Each line of the listing must be transcribed exactly, except for the images, which should be excluded.
===== SUPPLIED INFORMATION =====
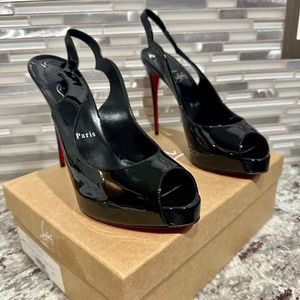 Christian Louboutin Hot Chic 120 Patent Leather Slingback Pumps Black Sz 41 (11)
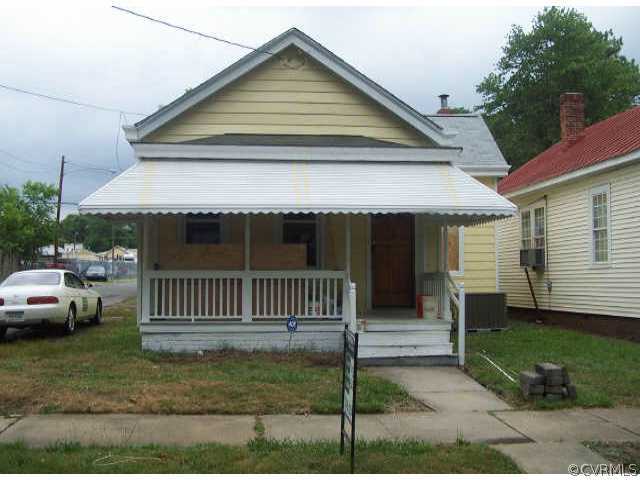 3215 Decatur Street Richmond, VA 23224 - Photo 1 of 8 Exterior Front - Front of House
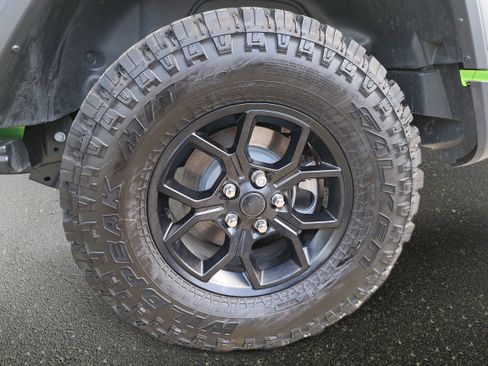 Used 2025 Jeep Wrangler Willys image 29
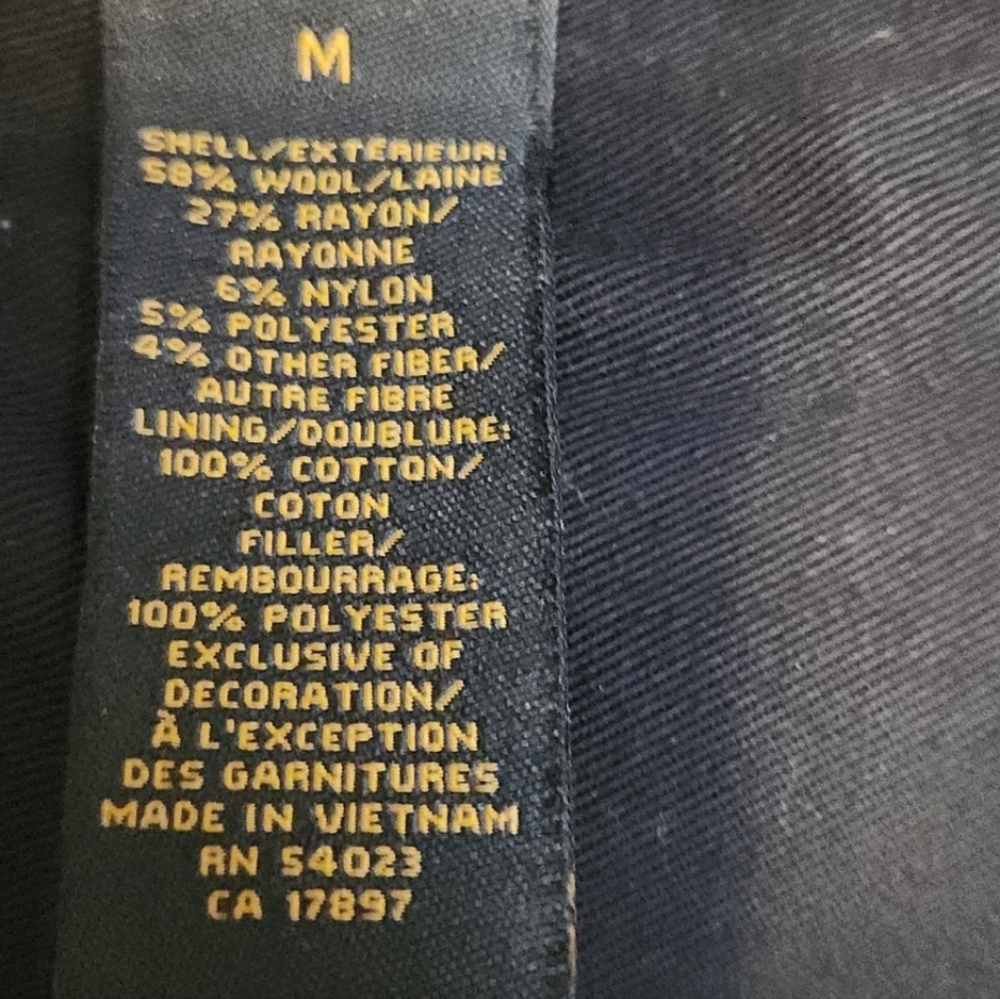Men's Vest - Picture 5 of 5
=====
:: EXERCISE RESPONSE ::
 Christian Louboutin Hot Chic 120 Patent Leather Slingback Pumps Black Sz 41 (11)
 3215 Decatur Street Richmond, VA 23224 - Photo 1 of 8 Exterior Front - Front of House
 Used 2025 Jeep Wrangler Willys image 29
Men's Vest - Picture 5 of 5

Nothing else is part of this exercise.